Wednesday, January 17, 2007

26 January: Boreham on Australia

Australia Looks Back
Australia Day reminds us that history has its stately sym-bolisms. What could be richer in figurative significance than the dramatic episode that we commemorate today, on Australia Day? A British fleet anchors in a lonely antipodean bay; the ships of an ancient people find themselves surrounded by the strange vegetation of a new world; and, out of this fusion of antiquity and novelty, a nation is born. It is the privilege of young nations like ours to erect their distinctive civilisations on the sturdy foundations laid by peoples whose annals are rooted in the events of centuries extremely remote. Australia had not to grope her way, blindly and painfully, to principles of government and methods of administration. She inherited the experience of mature nations. She was able to start at the point that they had reached as a result of ages of careful thought and anxious experiment.

It is good for each successive generation to be reminded of the incalculable debt that it owes to its ancestors. Each good custom that has come down to us is but the solitary survivor of a hundred gallant but futile attempts. The ninety and nine perished; the hundredth proved its worth and secured recognition; and we by inheriting the record of its success, are spared the tiresome necessity of making a long series of disastrous ventures. This impressive principle confronts us at every turn. We seldom sit down to table, for example, without eating things that are mixed and mingled in the most incongruous way—lamb with mint sauce, beef with horseradish, jugged hare with red currant jelly, boiled mutton with caper sauce, strawberries with cream, and so on. One shudders to contemplate the nauseous conglomerations that must have been tried and tasted before these appetising combinations were at last launched upon the world. We are spared all that. Our predecessors sampled thousands of sickening concoctions, and we are content to enjoy the luscious fruit of their researches.

Civilisation As The Apex Of Evolution
A principle that operates in this way in relation to things comparatively trivial operates even more effectively among matters of greater moment. Take our system of jurisprudence. Every primitive people possesses laws, law courts, and lawyers of some kind. When the Spaniards under Cortes and Pizarro penetrated the aboriginal civilisations of Mexico and Peru, nothing impressed them more than the provisions under which justice was administered. Among the Aztecs, Prescott tells us, a supreme judge, appointed by the Crown, sat in each of the cities of Mexico, with absolute jurisdiction in both civil and criminal cases. Among the Incas, the system was only slightly less elaborate. Those who once revelled in the romances of Fenimore Cooper will never forget the simple but stately forms of justice obtaining among the Indian tribes of the great American forests. Captain Cook tellingly describes similar institutions among the most ferocious of the South Sea Islanders.

But when we turn from these primitive codes of barbarism to the complex and dignified system with which Australia inaugurated her history, it is like passing from the grey dawn to the blaze of noonday.
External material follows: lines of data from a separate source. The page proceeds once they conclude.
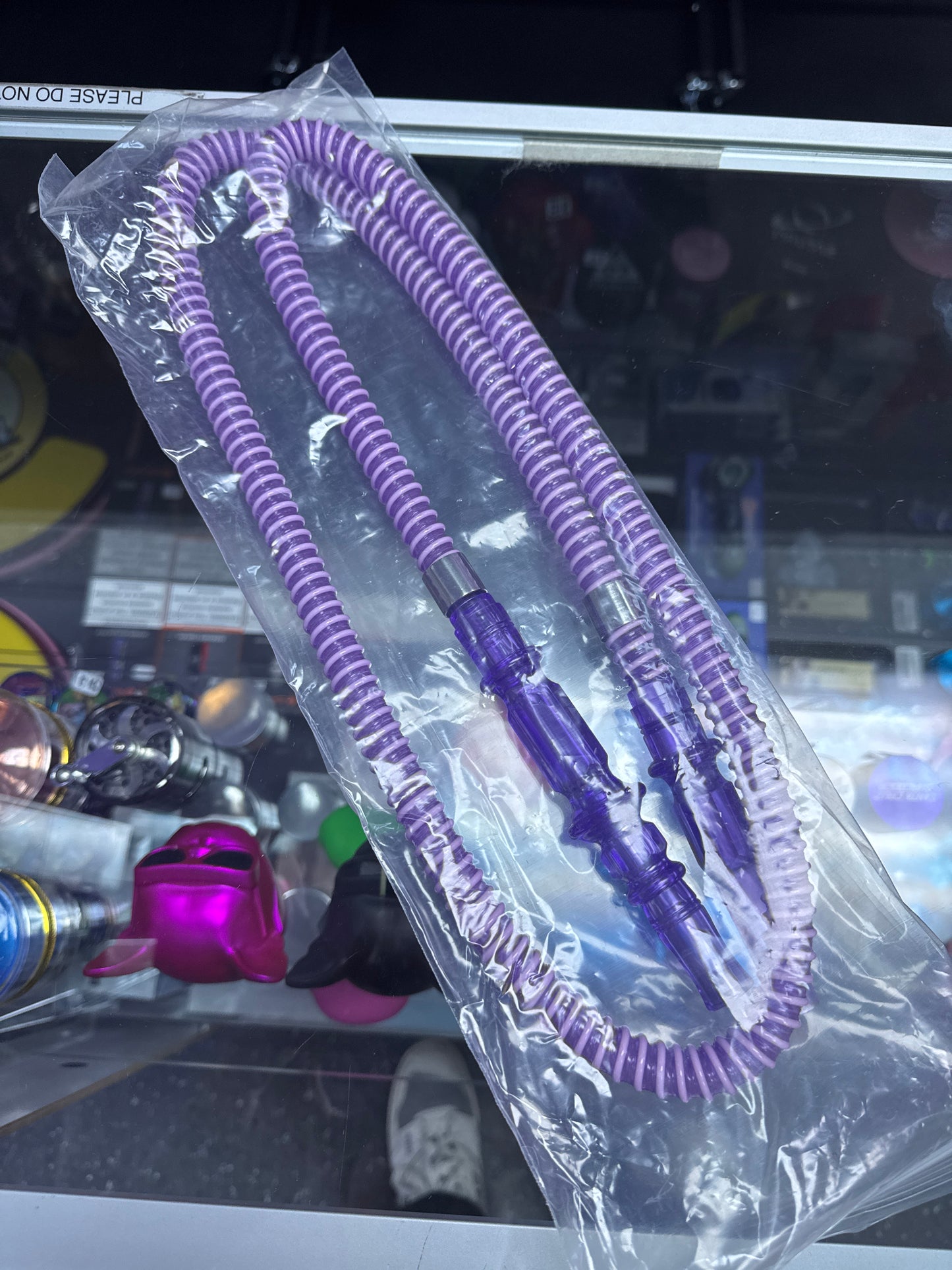 Hookah Hose washable 6’ (Purple)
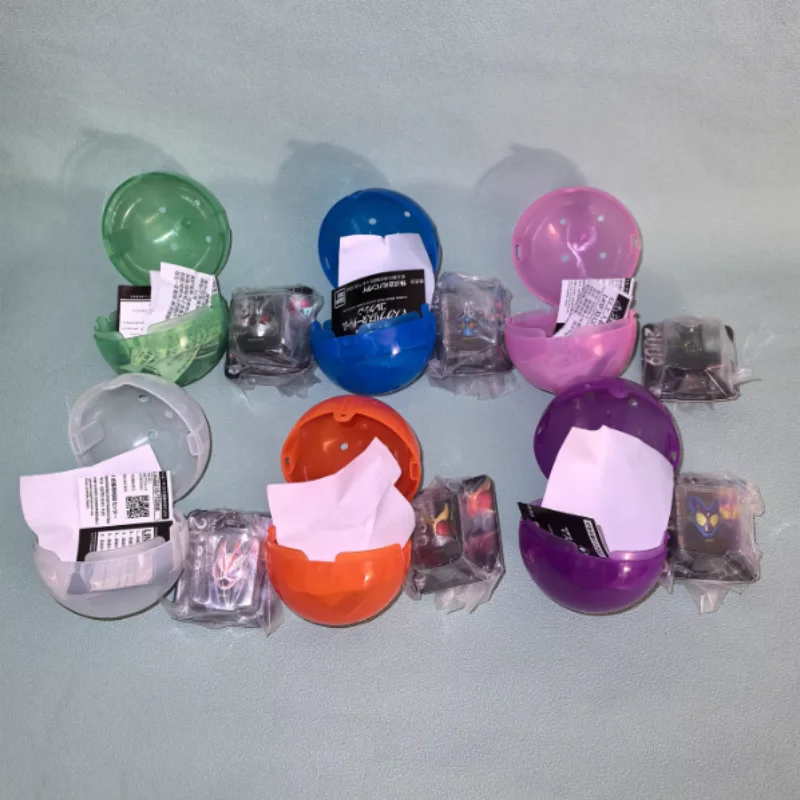 Bandai Gashapon Kamen Rider Testa in miniatura Gabu Jihu Kuuga Da collezione Anime Action Figure Modello Giocattoli Portachiavi Borsa Appesa Regali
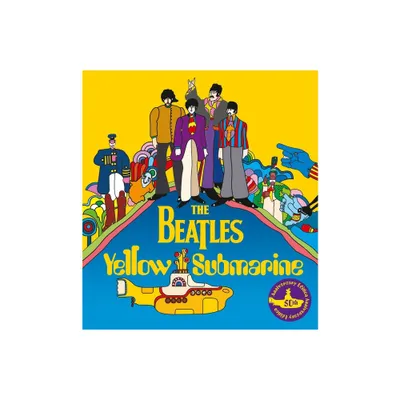 Yellow Submarine - by The Beatles (Hardcover)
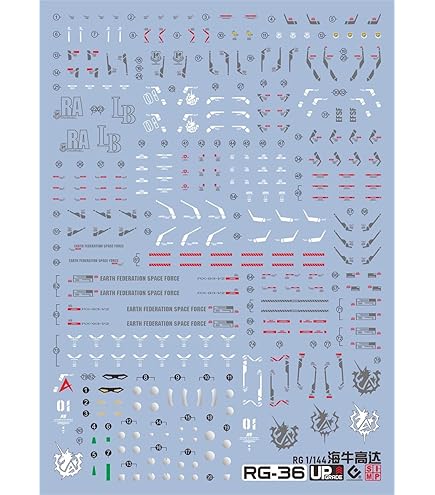 Amazon | 蛍光!! HG RG MG PG RE ロボット MS ディテールアップ用水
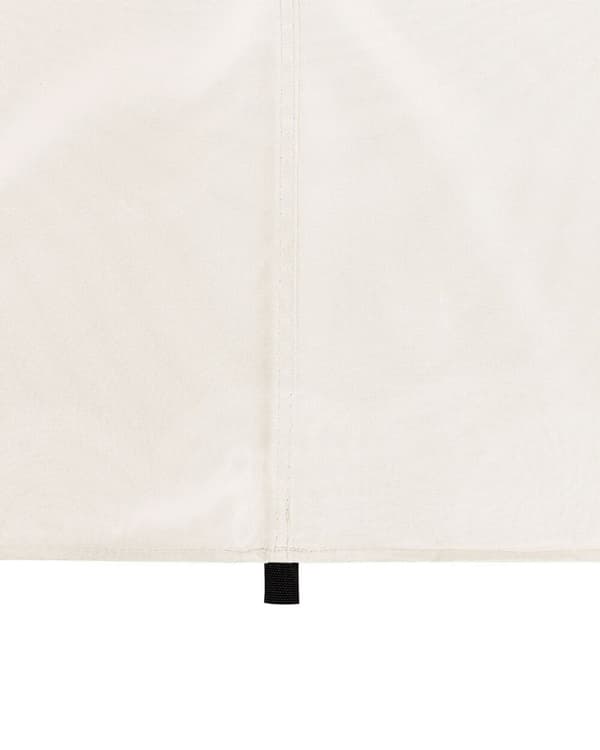 Firkantet skyggesejl 300 x 300 cm off-white LUKKA Lumarko!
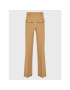 Maryley Текстилни панталони 22IB512/41CA Кафяв Regular Fit - Pepit.bg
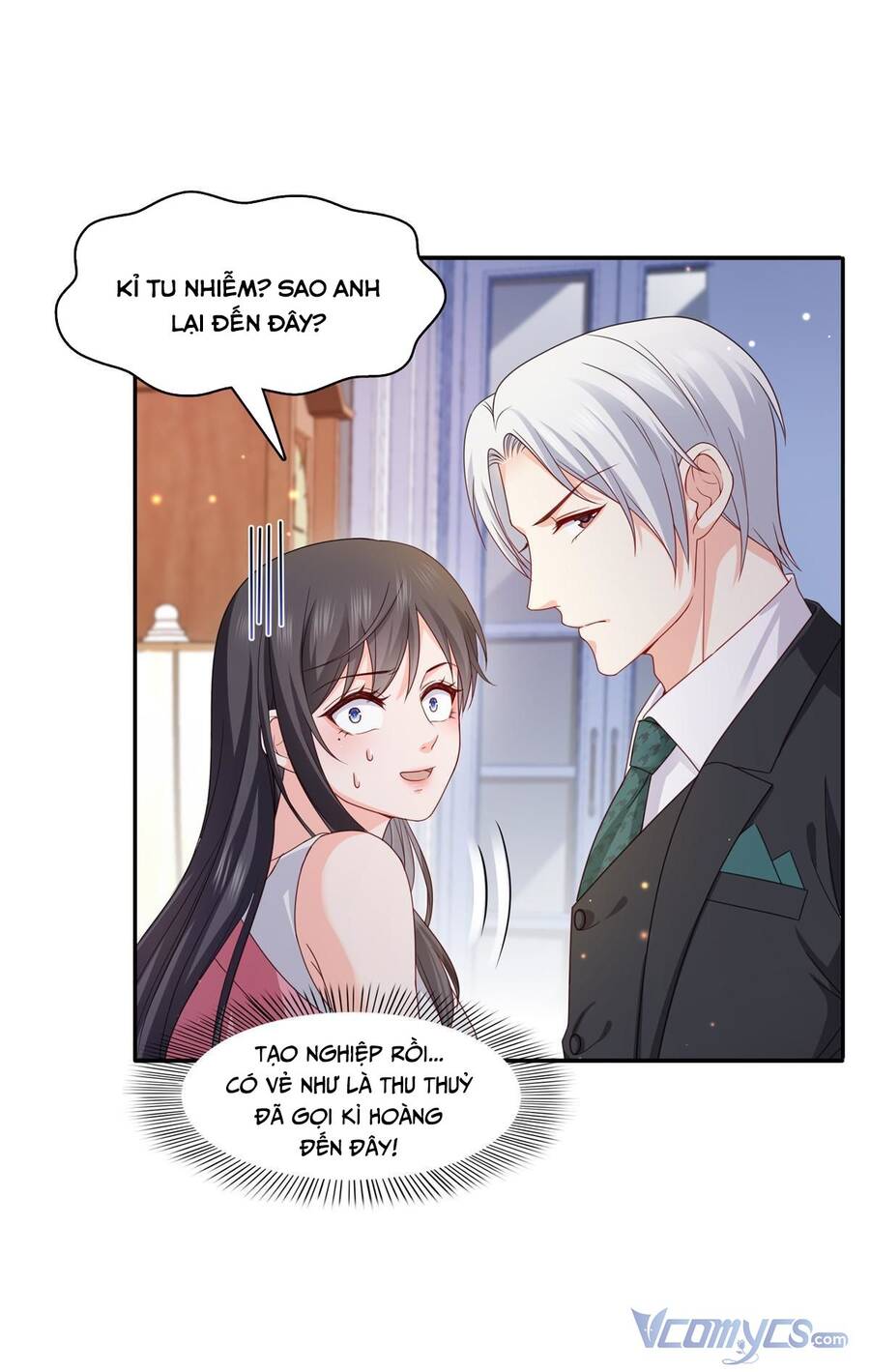 Đúng Như Hàn Quang Gặp Nắng Gắt Chap 307 - Next Chap 308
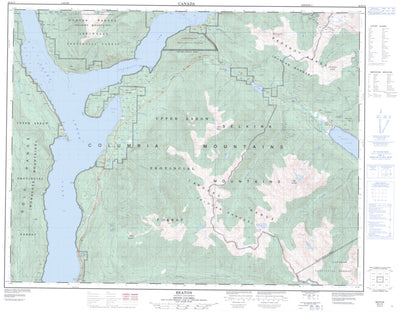 Beaton, BC (082K12 CanMatrix)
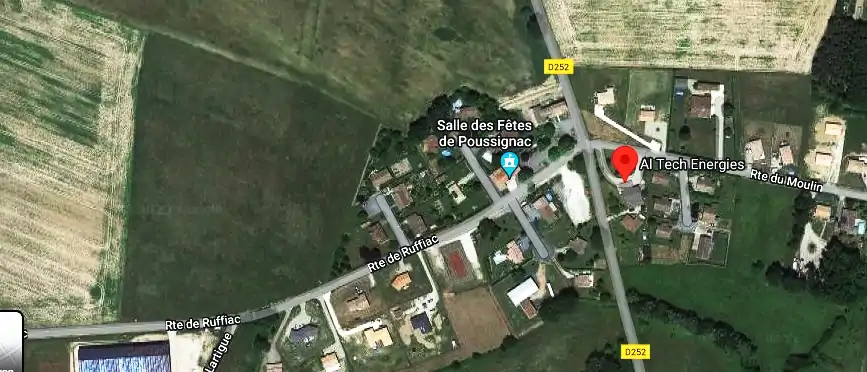 Devis électricien à Poussignac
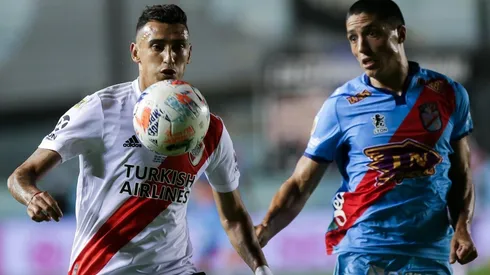 Matías Suárez estará a disposición del cuerpo técnico.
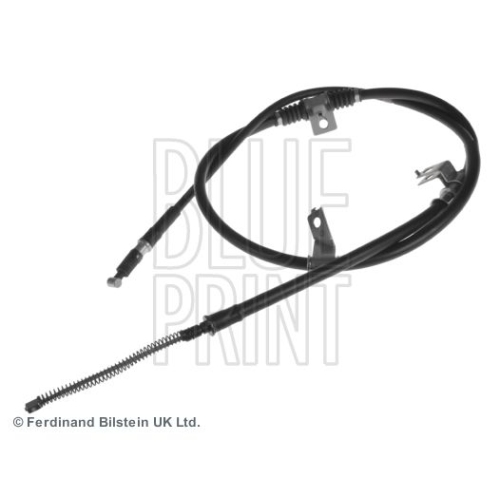 Seilzug Feststellbremse Blue Print ADC446194 für Mitsubishi Hinten Links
The constitution of the courts: the conditions under which the judges held their appointments: the statutes by which their decisions were determined: the laws relating to the sifting and valuation of evidence; the very etiquette governing the external affairs of tribunals—all this had come into being as a result of an age-long process of historic evolution. Australia took the whole thing over, just as it stood.

Australians As Heirs Of All The Ages
Again, Australia is not finding it easy to create a distinctly indigenous literature, not because of any aesthetic deficiency or intellectual poverty, but because of the extreme difficulty of shaking herself free of the monumental traditions that she has inherited. Walt Whitman always denied the existence of an American literature. He maintained that Longfellow, Lowell, Hawthorne, Emerson, and all their kind, instead of inaugurating a new literature, had simply augmented an old one. They wrote pure English; they modelled themselves on the great English masters; they recognised the classical English tradition; and what they gave us stands as an integral part of the English literature. All this demonstrates, not only the immensity of the difficulty by which Australian writers are confronted, but the vastness of the treasure comprised by their patrimony.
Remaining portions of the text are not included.